_RECORDS PROVIDED_:

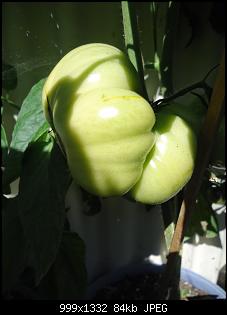 Der Garten- und Anbauthread-t13.jpg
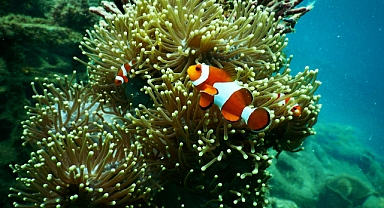 Avustralya, bu yıl Büyük Set Resifi'nin yüzde 73'ünde ağarma görüldüğünü açıkladı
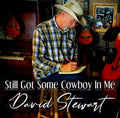Stewart,david - Still Got Some Cowboy In Me - Music CD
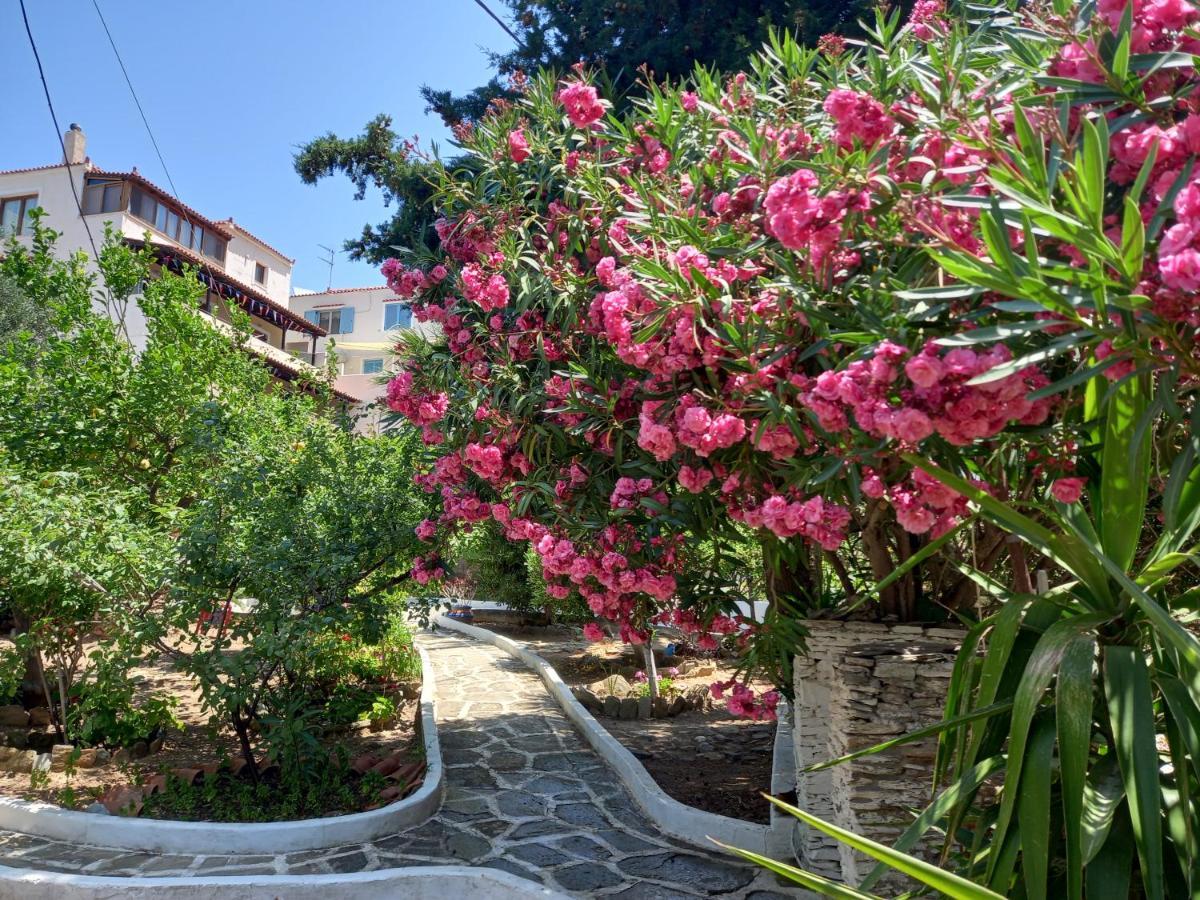 Villa Rena Баци Екстериор снимка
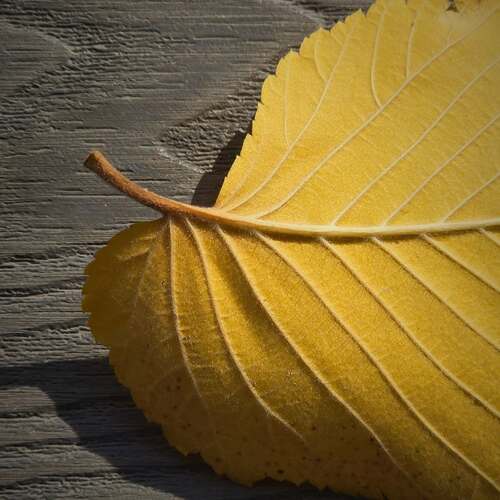 Photo #14098822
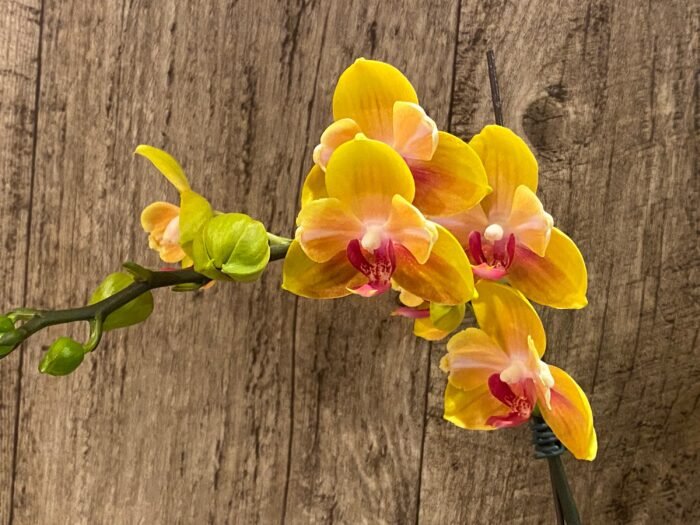 Double Spikes Phalaenopsis Fuller's Gold Stripes 'Peloric' Very Large Plants (4.5" pot) - Image 4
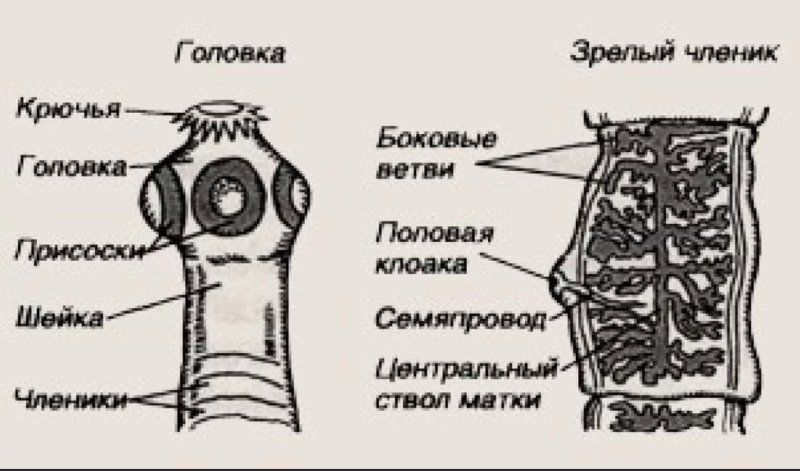 Строение сколекса бычьего цепня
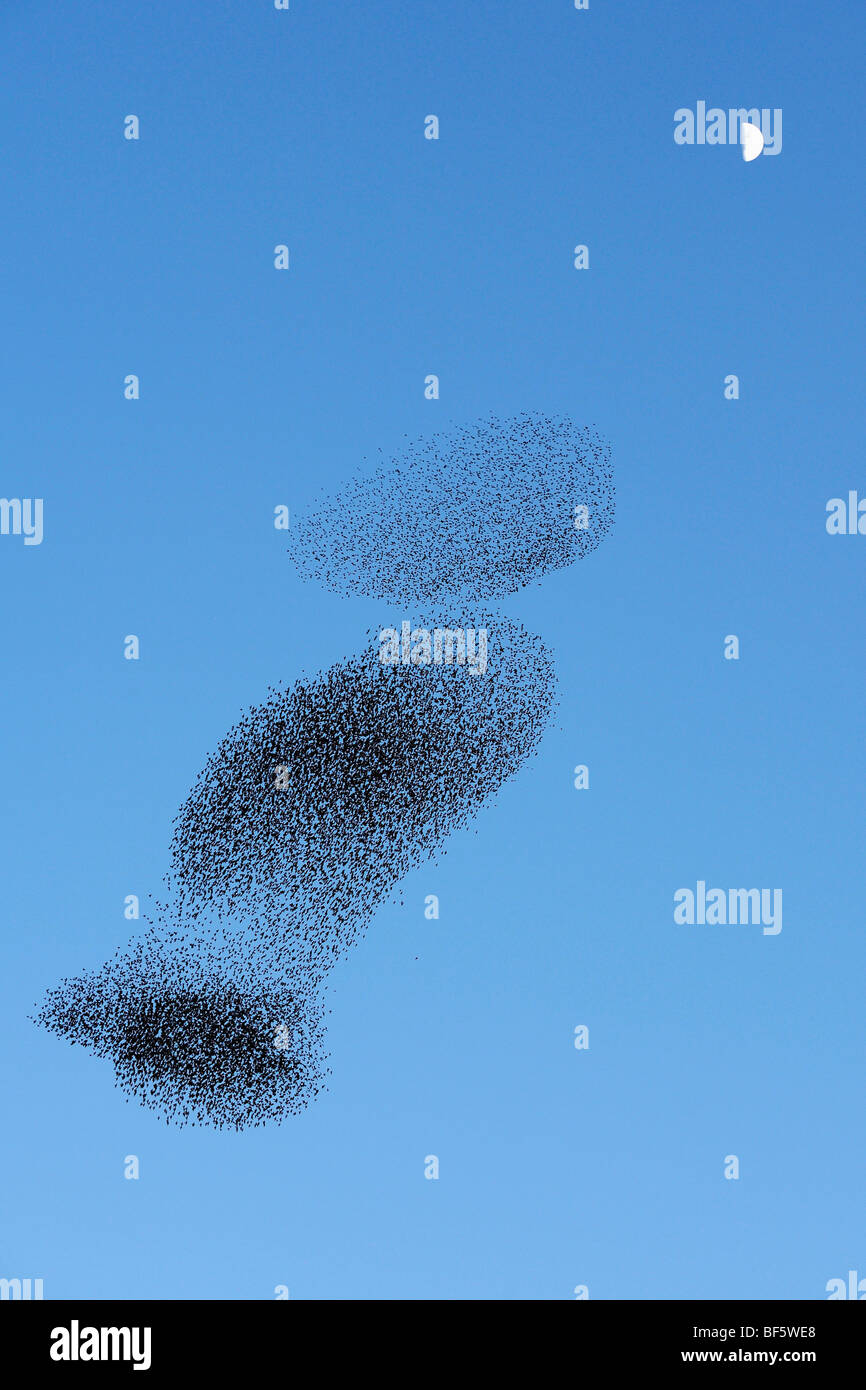 European Starling (Sturnus vulgaris), Flock migrating in winter and moon, Rome, Italy, Europe Stock Photo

_INSTRUCTIONS FOR THE TASK_: Copy out exactly the lines between the line that contains "Villa Rena Баци Екстериор снимка" and the last line of the records, both ends included; leave out every picture.

_EXERCISE ANSWER_:
 Villa Rena Баци Екстериор снимка
 Photo #14098822
 Double Spikes Phalaenopsis Fuller's Gold Stripes 'Peloric' Very Large Plants (4.5" pot) - Image 4
 Строение сколекса бычьего цепня
 European Starling (Sturnus vulgaris), Flock migrating in winter and moon, Rome, Italy, Europe Stock Photo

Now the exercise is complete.